Na região da caatinga da Paraíba foram catalogadas pela instituição 14 tipos de fava cultivadas nas cidades de Campina Grande (tipo cearense), Juarez Távora (t. branca), Alagoa Grande (t. Pacatuba), Areia (t. olho verde), Esperança (t. moita), Alagoa Nova (t. cara larga), Matinhas (t. coquinho, eucalipto), Mogeiro (t. manteiga). Só no município de Queimadas são produzidos cinco tipos: galo de campina, preta, boca de moça, lavadeira e a orelha de vó.
Culinária
A fava é apreciada no mundo inteiro e destaca-se pelo seu sabor suave e amanteigado. De acordo com os estudos da Embrapa, entre os nutrientes encontrados no grão, estão: proteínas, fibras, ácido fólico (vitamina B9) e antioxidantes. Contém também zinco, potássio, manganês, fósforo, ferro, cobre e tiamina (vitamina B1). Além do Brasil, a semente é consumida na América Latina, nos Estados Unidos, na Europa e na Ásia.

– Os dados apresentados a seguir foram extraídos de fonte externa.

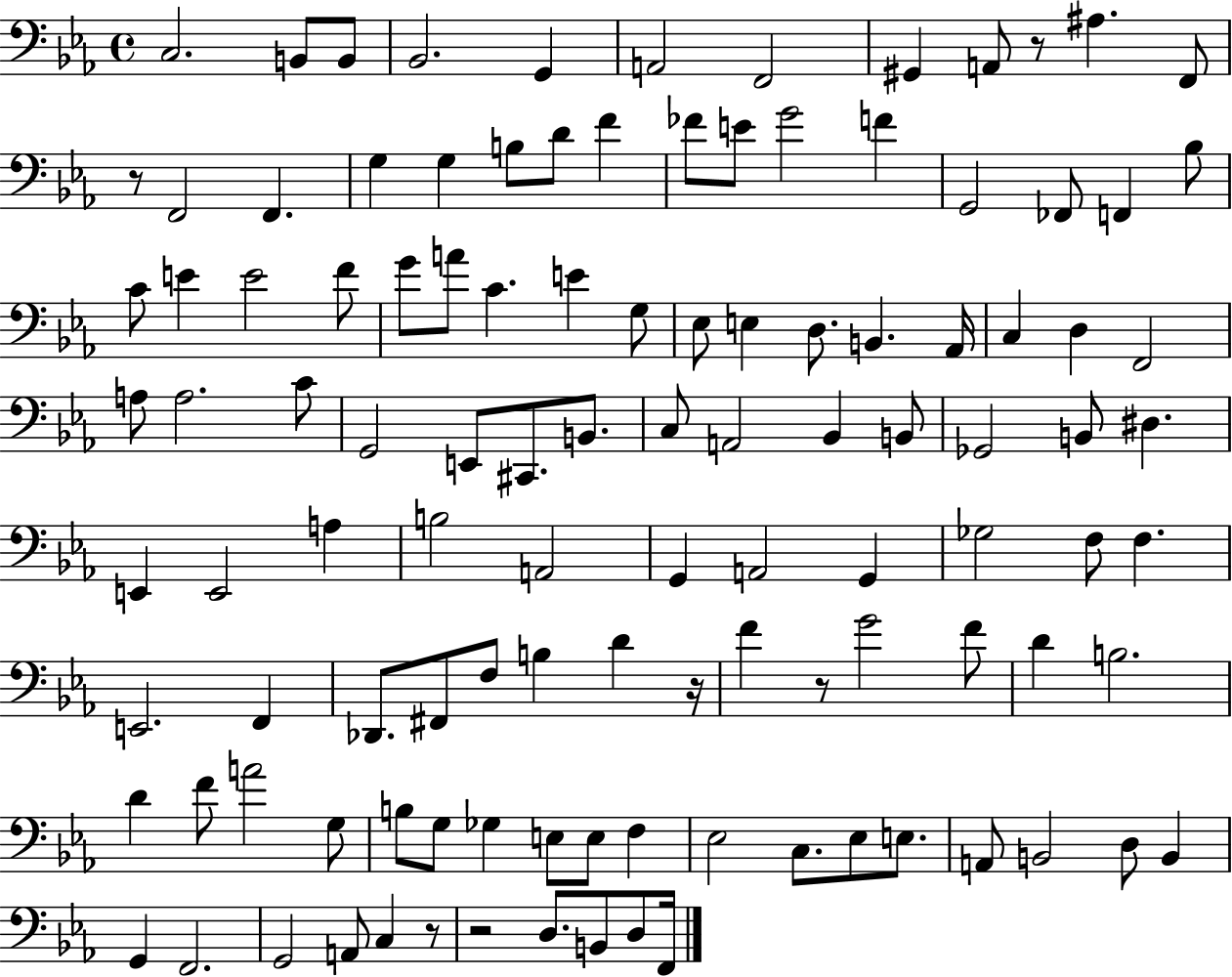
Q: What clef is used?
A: bass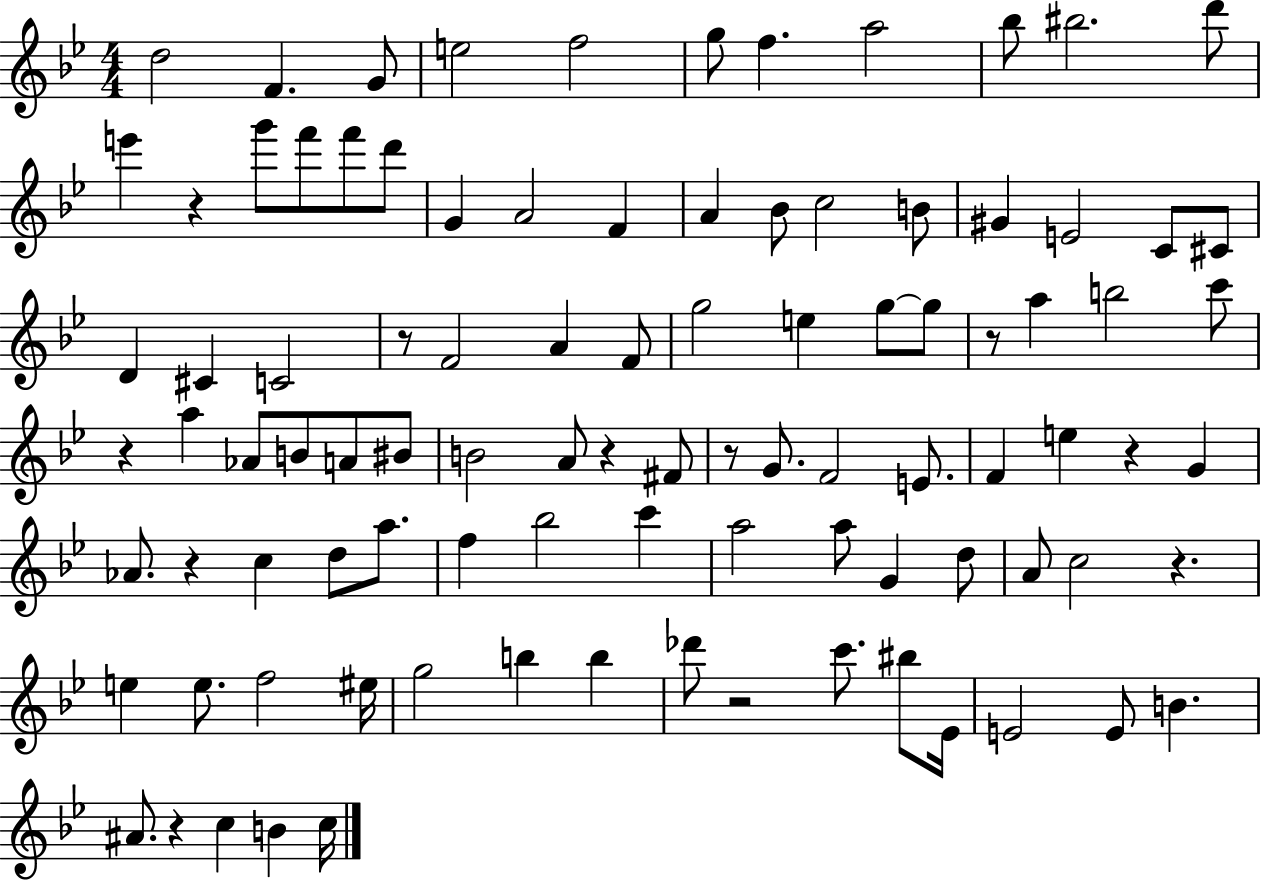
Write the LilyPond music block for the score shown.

Na Paraíba, o consumo da leguminosa pode ser verde, madura ou seca e é servida em diversos pratos nos restaurantes. Um desses estabelecimentos é o Bar do Flávio, localizado no bairro de Manaíra, em João Pessoa, a favada, como muitos chamam, tem destaque no cardápio. Desde quando o restaurante abriu, em 2009, o prato é servido no local.
A receita leva carne de charque, bucho e barriga de porco e temperos. Ao ser servido, o prato é incrementado com charque e tripa assadas, sendo um dos petiscos mais vendidos no restaurante.

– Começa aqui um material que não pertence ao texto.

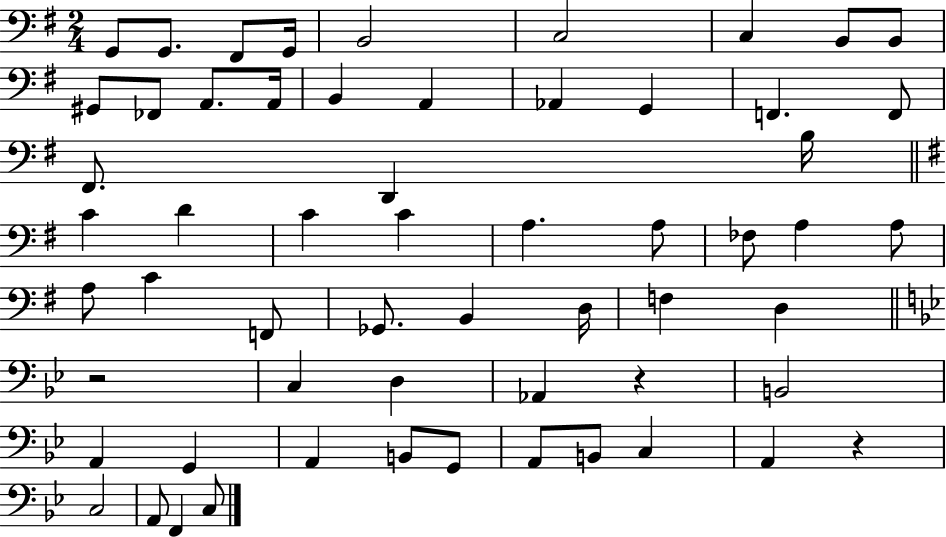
G2/e G2/e. F#2/e G2/s B2/h C3/h C3/q B2/e B2/e G#2/e FES2/e A2/e. A2/s B2/q A2/q Ab2/q G2/q F2/q. F2/e F#2/e. D2/q B3/s C4/q D4/q C4/q C4/q A3/q. A3/e FES3/e A3/q A3/e A3/e C4/q F2/e Gb2/e. B2/q D3/s F3/q D3/q R/h C3/q D3/q Ab2/q R/q B2/h A2/q G2/q A2/q B2/e G2/e A2/e B2/e C3/q A2/q R/q C3/h A2/e F2/q C3/e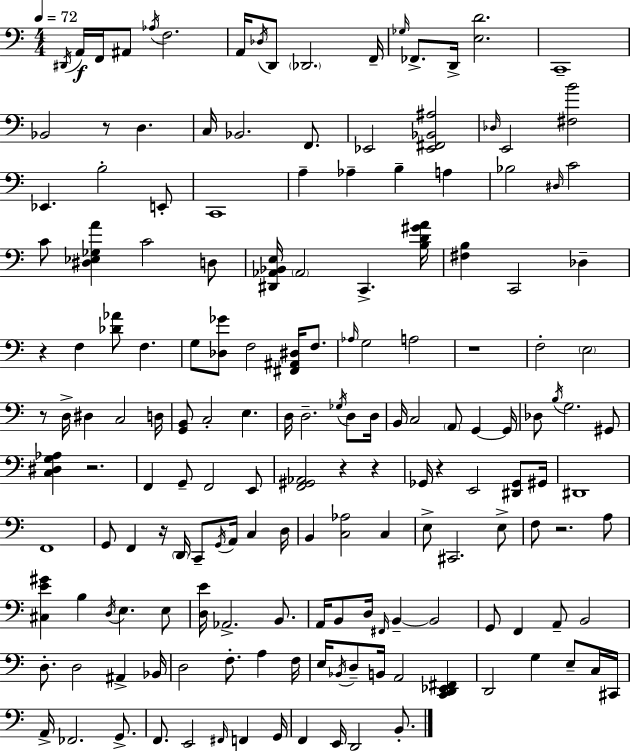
D#2/s A2/s F2/s A#2/e Ab3/s F3/h. A2/s Db3/s D2/e Db2/h. F2/s Gb3/s FES2/e. D2/s [E3,D4]/h. C2/w Bb2/h R/e D3/q. C3/s Bb2/h. F2/e. Eb2/h [Eb2,F#2,Bb2,A#3]/h Db3/s E2/h [F#3,B4]/h Eb2/q. B3/h E2/e C2/w A3/q Ab3/q B3/q A3/q Bb3/h D#3/s C4/h C4/e [D#3,Eb3,Gb3,A4]/q C4/h D3/e [D#2,Ab2,Bb2,E3]/s Ab2/h C2/q. [B3,D4,G#4,A4]/s [F#3,B3]/q C2/h Db3/q R/q F3/q [Db4,Ab4]/e F3/q. G3/e [Db3,Gb4]/e F3/h [F#2,A#2,D#3]/s F3/e. Ab3/s G3/h A3/h R/w F3/h E3/h R/e D3/s D#3/q C3/h D3/s [G2,B2]/e C3/h E3/q. D3/s D3/h. Gb3/s D3/e D3/s B2/s C3/h A2/e G2/q G2/s Db3/e B3/s G3/h. G#2/e [C3,D#3,G3,Ab3]/q R/h. F2/q G2/e F2/h E2/e [F2,G#2,Ab2]/h R/q R/q Gb2/s R/q E2/h [D#2,Gb2]/e G#2/s D#2/w F2/w G2/e F2/q R/s D2/s C2/e G2/s A2/s C3/q D3/s B2/q [C3,Ab3]/h C3/q E3/e C#2/h. E3/e F3/e R/h. A3/e [C#3,E4,G#4]/q B3/q D3/s E3/q. E3/e [D3,E4]/s Ab2/h. B2/e. A2/s B2/e D3/s F#2/s B2/q B2/h G2/e F2/q A2/e B2/h D3/e. D3/h A#2/q Bb2/s D3/h F3/e. A3/q F3/s E3/s Bb2/s D3/e B2/s A2/h [C2,D2,Eb2,F#2]/q D2/h G3/q E3/e C3/s C#2/s A2/s FES2/h. G2/e. F2/e. E2/h F#2/s F2/q G2/s F2/q E2/s D2/h B2/e.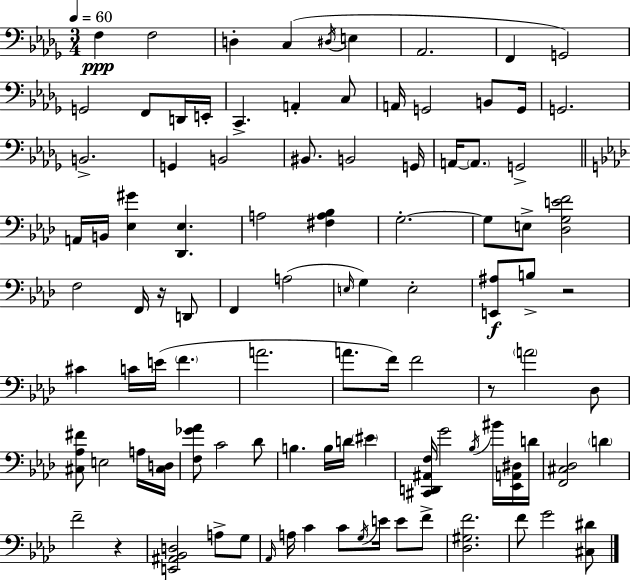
F3/q F3/h D3/q C3/q D#3/s E3/q Ab2/h. F2/q G2/h G2/h F2/e D2/s E2/s C2/q. A2/q C3/e A2/s G2/h B2/e G2/s G2/h. B2/h. G2/q B2/h BIS2/e. B2/h G2/s A2/s A2/e. G2/h A2/s B2/s [Eb3,G#4]/q [Db2,Eb3]/q. A3/h [F#3,A3,Bb3]/q G3/h. G3/e E3/e [Db3,G3,E4,F4]/h F3/h F2/s R/s D2/e F2/q A3/h E3/s G3/q E3/h [E2,A#3]/e B3/e R/h C#4/q C4/s E4/s F4/q. A4/h. A4/e. F4/s F4/h R/e A4/h Db3/e [C#3,Ab3,F#4]/e E3/h A3/s [C#3,D3]/s [F3,Gb4,Ab4]/e C4/h Db4/e B3/q. B3/s D4/s EIS4/q [C#2,D2,A#2,F3]/s G4/h Bb3/s BIS4/s [Eb2,A2,D#3]/s D4/s [F2,C#3,Db3]/h D4/q F4/h R/q [E2,A#2,Bb2,D3]/h A3/e G3/e Ab2/s A3/s C4/q C4/e G3/s E4/s E4/e F4/e [Db3,G#3,F4]/h. F4/e G4/h [C#3,D#4]/e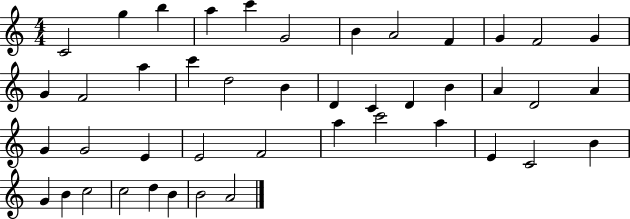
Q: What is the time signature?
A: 4/4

De acordo com um dos proprietários do Bar, Flávia Bulhões, para dar conta da demanda dos pedidos são compradas uma saca de 60kg de fava ao Antônio Carlos, feirante do Mercado Central, citado no início da reportagem.
“Compramos a saca da semente seca, há seis anos no mesmo fornecedor, esse é um dos pontos fortes da nossa receita. Desde o início a fava sempre foi bem aceita pelos clientes , com uma ótima saída, até hoje é o petisco mais pedido. Abrimos em março de 2009 e sempre tinha o prato no cardápio, no início vendíamos apenas favada e depois acrescentamos charque e tripa no mesmo pirex, e fez o maior sucesso”, concluiu Flávia.